It felt like I had undone months of learning in just five minutes. It felt like, “Why am I even trying?” It felt like I was being shown that I would never move out of the intermediate realm. And I hooked into those negative feedback loops over the remainder of those 14 minutes, sitting on that box, nearly in tears.

But I wasn’t going to take “DNF” and 100 reps or so as my score, so I begrudgingly tied my hair back with two secure hair-ties into a low bun, reconfigured my gear, and tested out several of the grumpiest and most deflated single-unders I’ve ever come across.

While I was able to get through my second attempt without any issues physically, I let my mind get the better of me. My wall balls were not nearly as strong out of the gate, and my second set of single-unders in the WOD took forever–not because of technical issues, but because I was tired, sucking air and trying to keep my composure.

I put up 578 reps in the Scaled version of 15.3 that day, and I wouldn’t have a chance (nor the heart) to attempt it again. Naturally, I beat myself up over it, wondering why I hadn’t fixed my hair before the first attempt or berating myself for my ineptitude with a jump rope. “Why can’t you just be BETTER?” I seemed to think all day, and I moped and wallowed over a workout.

In the grand scheme of it all, one workout doesn’t really matter. It doesn’t define me as a person or even an athlete. It’s easy to write that, but it’s harder to believe that when I know jump rope and wall balls are two things that have historically been problematic.

In the grand scheme of it all, maybe one workout does matter, though. Maybe it matters that while I felt my worst, I wasn’t going to let my worst self quit all the way. Sure, my worst self won a little bit by negatively affecting my performance, but my better self didn’t take “no” for an answer.

And I guess that’s small victory for just your average athlete, which is good enough for now.

15.2 in Hindsight

I’m going to make this short. Here’s how 15.2 went for me:

1. This was the only Open WOD I have ever attempted twice in order to improve my score. Why? Because this year, in my first attempt, I scored a 28, which was the same exact score as when it came to us as 14.2 last year. (15.2 was a repeated Open WOD.)

2. I did improve my score on Sunday by changing my chest-to-bar pull-up grip to mixed-grip. (It turns out that I cannot link together reps efficiently with the “easier” chin-up grip. I never practice C2B with any other grip other than overhand, so changing things on the fly for 14.2/15.2 has not really worked out for me.)

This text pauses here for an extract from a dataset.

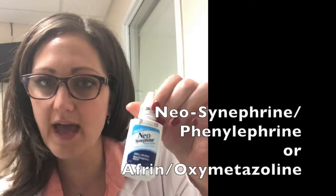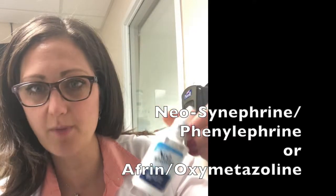I'm Martha Roberts and I'm going to show you the 3-2-1 trick for stopping epistaxis. What you're going to need for this particular 3-2-1 trick is simply a bottle of neosynephrine or Afrin, depending on what you have in your department.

3. I improved my score by 5 reps.

4. I hate you, 15.2.

5. Guess I should probably do chest-to-bar pull-ups more often than, like, four times in a calendar year.

Optimism is drawing in Round 2 on the scoreboard.

Optimism is drawing in Round 2 on the scoreboard.

The end.

ReFLEXions on CrossFit Open WOD 15.1

See what I did there? I think I’m going to make this a regular thing.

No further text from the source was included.